Welcome

Description

A large portion of data currently being generated is unstructured in the form of text. In order to make this data accessible for analysis and useful for data science, skills in the domain of Natural Language Processing are required.

NLP methods can be applied to the following:

  • detecting spam

  • translation

  • text to speech

  • speech to text

  • part of speech tagging

  • named entity recognition

  • natural language generation

  • optical character recognition

  • question answering

  • chatbots

  • sentiment analysis

  • topic modeling

  • disambiguation

  • relationship extraction

  • text summarization

  • coreference resulution

Additional information

Topics covered

  • text data processing methods (i.e. tokenization, lemmatization, bag of words, tf-idf) and associated packages with NLTK and spaCy

  • part of speech tagging

  • word embeddings

  • deep learning for text

Learning objectives

At the end of this module students should be able to conduct Natural Language Processing work on real-world large-scale projects with little to no supervision.

Prework

This module makes a few assumptions of your established knowledge regarding your programming and/or data skills. Below are the assumptions made and some resources to read through to make sure you are properly prepared.

Assumptions

Resource

Basic Python skills

Fundamentals of Python

pyData stack

pydata overview

How to use the materials

There are several different elements that help guide you in using the materials.
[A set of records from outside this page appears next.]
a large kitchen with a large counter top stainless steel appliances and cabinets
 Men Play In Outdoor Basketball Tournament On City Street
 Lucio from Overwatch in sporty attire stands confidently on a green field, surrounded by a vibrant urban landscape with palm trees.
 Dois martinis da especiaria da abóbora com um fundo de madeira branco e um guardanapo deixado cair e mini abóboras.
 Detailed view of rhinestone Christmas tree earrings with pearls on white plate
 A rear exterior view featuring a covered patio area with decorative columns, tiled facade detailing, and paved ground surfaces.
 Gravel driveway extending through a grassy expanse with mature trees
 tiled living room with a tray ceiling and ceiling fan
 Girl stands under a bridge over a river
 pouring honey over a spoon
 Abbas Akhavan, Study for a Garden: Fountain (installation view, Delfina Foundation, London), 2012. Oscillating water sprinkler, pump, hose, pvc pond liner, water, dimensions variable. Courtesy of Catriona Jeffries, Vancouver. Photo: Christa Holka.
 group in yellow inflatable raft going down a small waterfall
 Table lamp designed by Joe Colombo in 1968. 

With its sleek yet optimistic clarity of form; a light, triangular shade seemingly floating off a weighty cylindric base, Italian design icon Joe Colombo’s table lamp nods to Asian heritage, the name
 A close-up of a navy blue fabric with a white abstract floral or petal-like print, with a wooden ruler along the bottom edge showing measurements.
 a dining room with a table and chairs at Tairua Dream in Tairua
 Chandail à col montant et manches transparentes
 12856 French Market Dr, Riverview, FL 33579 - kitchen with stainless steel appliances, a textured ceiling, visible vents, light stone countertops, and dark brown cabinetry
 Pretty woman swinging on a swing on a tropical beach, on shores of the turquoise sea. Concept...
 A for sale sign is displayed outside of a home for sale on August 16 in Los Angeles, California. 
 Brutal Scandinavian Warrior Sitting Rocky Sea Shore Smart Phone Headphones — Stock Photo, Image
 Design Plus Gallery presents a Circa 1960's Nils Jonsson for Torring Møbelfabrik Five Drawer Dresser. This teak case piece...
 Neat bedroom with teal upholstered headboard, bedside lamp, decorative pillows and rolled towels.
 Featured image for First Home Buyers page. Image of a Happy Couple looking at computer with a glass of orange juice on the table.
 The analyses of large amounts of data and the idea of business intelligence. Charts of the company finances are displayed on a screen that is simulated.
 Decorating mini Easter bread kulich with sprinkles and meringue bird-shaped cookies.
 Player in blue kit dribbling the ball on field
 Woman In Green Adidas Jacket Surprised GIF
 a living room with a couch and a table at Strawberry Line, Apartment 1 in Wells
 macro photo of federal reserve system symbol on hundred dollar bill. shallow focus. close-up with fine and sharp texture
Let’s have a look.

Blended learning

Blended learning

These materials are curated third-party resources that are mandatory to go through. Those can be course platforms, articles, academic papers or blog posts. The estimated time duration to go through them is also specified so you can estimate the effort.

Videos

Videos are added to the sidebar, together with the duration that they take. Those materials are mandatory, and often go deeper in the topic, and are hand-picked by the author.

Additional information

Additional information

This is how additional information boxes look like. This content is optional, but often provides additional useful value for the highly motivated.

Exercises

Note

Exercise Excerises are mandatory hands-on tasks that make sure you understand the content completely.

Portfolio Projects

Portfolio Project

A portfolio project is a crucial element of the curriculum, since it allows the student to demonstrate complete understanding of the material. Those are often more open-ended, larger and creative than the exercises. The goal behind the project is for the student to complete and demonstrate publicly their new expertise on the topic, to potential future employers and/or colleagues.

Setup instructions

For more information about virtual environments and the command line, go to the module Development Environment for Data Science.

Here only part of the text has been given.